Though this and many comments by him carry the potential for universalism, Barth would not commit to it.  In fact, late in life he confided to a friend that he had a dream about Hell as a vast, cold, utterly lonely desert.  The dream haunted him and he told the friend of it.  He said he knows about that place, Hell, and for that reason, he must preach Christ.[vi]
            Bell too comes up short of commitment to universalism.  He asks, “Will everybody be saved, or will some perish apart from God forever because of their choices?”  Bell’s response to his own question is “those are questions, or more accurately, those are tensions we are free to leave fully intact.
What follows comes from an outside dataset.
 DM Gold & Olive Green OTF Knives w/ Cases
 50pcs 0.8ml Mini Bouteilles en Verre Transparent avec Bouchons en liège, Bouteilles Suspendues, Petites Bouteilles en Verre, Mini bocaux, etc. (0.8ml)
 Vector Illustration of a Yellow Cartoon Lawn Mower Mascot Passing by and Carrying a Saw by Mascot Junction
We don’t need to resolve them or answer them because we can’t, and so we simply respect them, creating space for the freedom that love requires.” [vii]
            I understand Bell’s quote, opaque as it is.  There is much about the afterlife and God’s plans we do not know and cannot know.  We do not know whether there literally is a book of life with names written or the idea of “book” is a metaphor that represents God’s mind.  Of course it is a metaphor, but we don’t know God’s method of record keeping.  There are many tensions in questions the Bible does not answer or does not answer completely or does not answer the way we wished it would.  I appreciate that.  I appreciate the logic of saying God is love and thus, God will not violate God’s own nature, and thus, God will not allow anyone to spend eternity suffering in Hell.  I see how that makes sense.
            However, in my own reading of scripture, I cannot accept universalism.  I am not offering here a standard traditionalist response that involves a listed of scriptures used to defend the idea of Hell.  You can find that argument on the internet or read authors like Larry Dixon or J.I. Packer, just to name a few of 100’s.  My response comes from my own sense of the New Testament.  I believe God is love.  God as the giver of perfect love and as the expression of perfect love implores us to choose to worship Him.  God does not force us.  We choose.  God is broken when we choose not to love and worship God.  But God knows some will make that choice.  When they do, God honors that choice.
            Consider Matthew chapter 11.  Jesus is addressing a crowd that had followed John the Baptist.  Now, John is wallowing in Herod’s jail cell, and the crowd has moved.  From one Messianic voice to the next, from John to Jesus, the crowd follows the wind.  Jesus confronts this fickle crowd with the truth. He says,
“What did you go out into the wilderness to look at? A reed shaken by the wind? What then did you go out to see? Someone dressed in soft robes? Look, those who wear soft robes are in royal palaces. What then did you go out to see? A prophet? Yes, I tell you, and more than a prophet. 10 This is the one about whom it is written,
‘See, I am sending my messenger ahead of you,
            who will prepare your way before you.’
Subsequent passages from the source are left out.